First, this bill is not introduced in isolation. It comes as part of a package of higher taxes. For example, the Revenue Committee has also sponsored a bill to index the fuel tax. This bill would make the gasoline a lot more expensive for those same travelers supposedly paying the lodging tax.
The indexed gasoline tax would obviously hit us Wyoming residents, too, but the double impact of the indexed fuel tax and the lodging tax is particularly important. Both of them will make it notably more expensive to be a tourist in our state, and the people coming here anyway are likely going to notice the higher fuel prices before they look for a place to spend the night. As a result, they will already be a bit more cautious about costs when looking for lodging.
With the lodging tax added to hotel prices, travelers spending more than one night here, or planning to return, will - on the margin - be more careful with their expenses. This will have ramifications for other services, for example restaurants. It is important to keep in mind that it is not the well-off travelers that will notice the higher cost; it is the family with small kids and a limited budget that comes here to spend a few days.
In addition, the Revenue Committee wants to drastically expand the sales tax to services. While HB67 does not explicitly include lodging services among the industries it seeks to tax, it does want to cover "amusement and recreation services". The national-accounts industry code that the sales-tax bill is using to define taxable services is defined as "arts, entertainment, recreation, accommodation, and food services" which, obviously, would mean that the services sales tax could apply to lodging as well.
If the Revenue Committee wants to be explicit in exempting hotels, it should use a sub-section of said national-accounts industry code that only applies to "arts, entertainment and recreation". This would also exempt restaurants from having to levy a sales tax.
That said, even if lodging services are excluded from the sales-tax expansion, the very fact that we will have a sales tax of up to seven percent (depending on county) on entertainment and recreational services, adds to the increased cost that tourists will encounter in our state. They will choose cheaper meal options, scale down or skip out on some more costly entertainment and recreation options, and wait with the last fill-up on gas until they have crossed the state line.

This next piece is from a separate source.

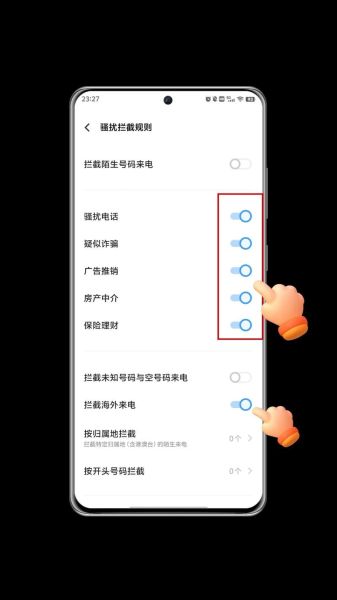 如何拦截骚扰电话_手机设置拦截骚扰电话的方法-第1张图片-俊逸知识馆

The second reason why the lodging tax is a bad idea has to do with the industry's overall performance. In 2016, accommodation services contributed $712.7 million to our state's economy. It employed, on average, 12,000 people during the year, with seasonal variations from 9,200 at the November low point to 16,000 during the peak in July. The average weekly wage for the entire industry category that includes accommodation services, was just over $361.
When the production value of accommodation services is split up per employee, this industry is among the smallest in our state. At $43,668, each employee contributed less than half to the Wyoming economy than, e.g., a construction worker. More quickly than in other industries, a new tax will dig into business profitability, as well as the ability of these businesses to compensate their employees.
For comparison, Table 1 reports the per-employee production value in the Wyoming economy by major industrial category:
Sources of raw data: Bureau of Economic Analysis (GDP), Bureau of Labor Statistics (Employment)
|Mining and Logging||$323,624|
|Trade, Transportation, Utilities||$145,307|
|Professional and Business Services||$96,034|
|Leisure and Hospitality||$43,668|
All in all, a tax on lodging is a bad idea. Overall, new or higher taxes are bad ideas, but this one is a particularly bad idea.